Türk oyun sektörü günden güne ilerlemeye ve gelişmeye devam ediyor. Cultic Games de bu sektörü ileri taşıyacak değerlerimizden biri. Stygian: Reign of the Old Ones isimli kendi tabirleri ile “eski okul (old school), bol stat’lı, bol seçimli, bol hikayeli korku RPG oyunu”. Facebook’da bulunan Üniversiteli Oyun Geliştiricileri grubunda bir soru-cevap etkinlikleri yaptılar. Biz de sizler için o soru-cevapları derledik!
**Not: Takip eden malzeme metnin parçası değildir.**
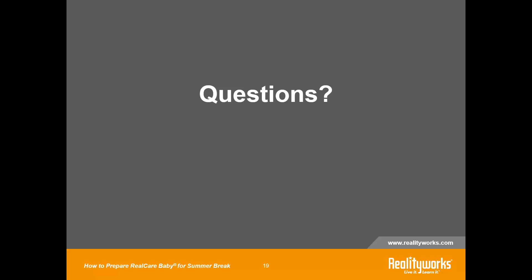Thank you all for your support of the RealityWorks programs and thank you for a great school year. Hope you all have a wonderful summer. We look forward to speaking with you again in the fall — we'll do another one of these on how to get ready for the new school year. Enjoy your summer, have a safe time, and thank you so much.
Soru-1: Sizi bu projeye dahil eden en büyük etmen neydi?

Ben ekipteki herkesin cevap vereceği bir soru sormak istiyorum izninizle, Stygian: Reign of The Old Ones sadece Türkiye’de değil global pazarda da çok niş bir pazar payına sahip. Böyle bir projede görev almak da kendinizi çok özel hissettiren bir durum. Sizler bu projeye başlarken, ekibe dahil olurken, kararınızı nasıl verdiniz? Sizi bu projeye dahil eden en büyük etmen neydi?

Cevaplar:

Ekin Küçük (Yazılım): Indie oyunların çok geniş kitlelere hitap edecek büyük yapımlardan ziyade daha küçük ama kendi ruhunu taşıyan yapımlar olması gerektiğini düşünüyorum. Stygian’a girerken, Stygian’ın bu ruhu taşıdığını düşündüm. Kendine has bir oynanışı vardı, ayrıca konu olarak beni cezbetmişti. Teknik olarak beni tatmin edeceği gerçeği de bunların üzerine eklenince, ekibe girmemek gibi bir seçenek yoktu tabii ki.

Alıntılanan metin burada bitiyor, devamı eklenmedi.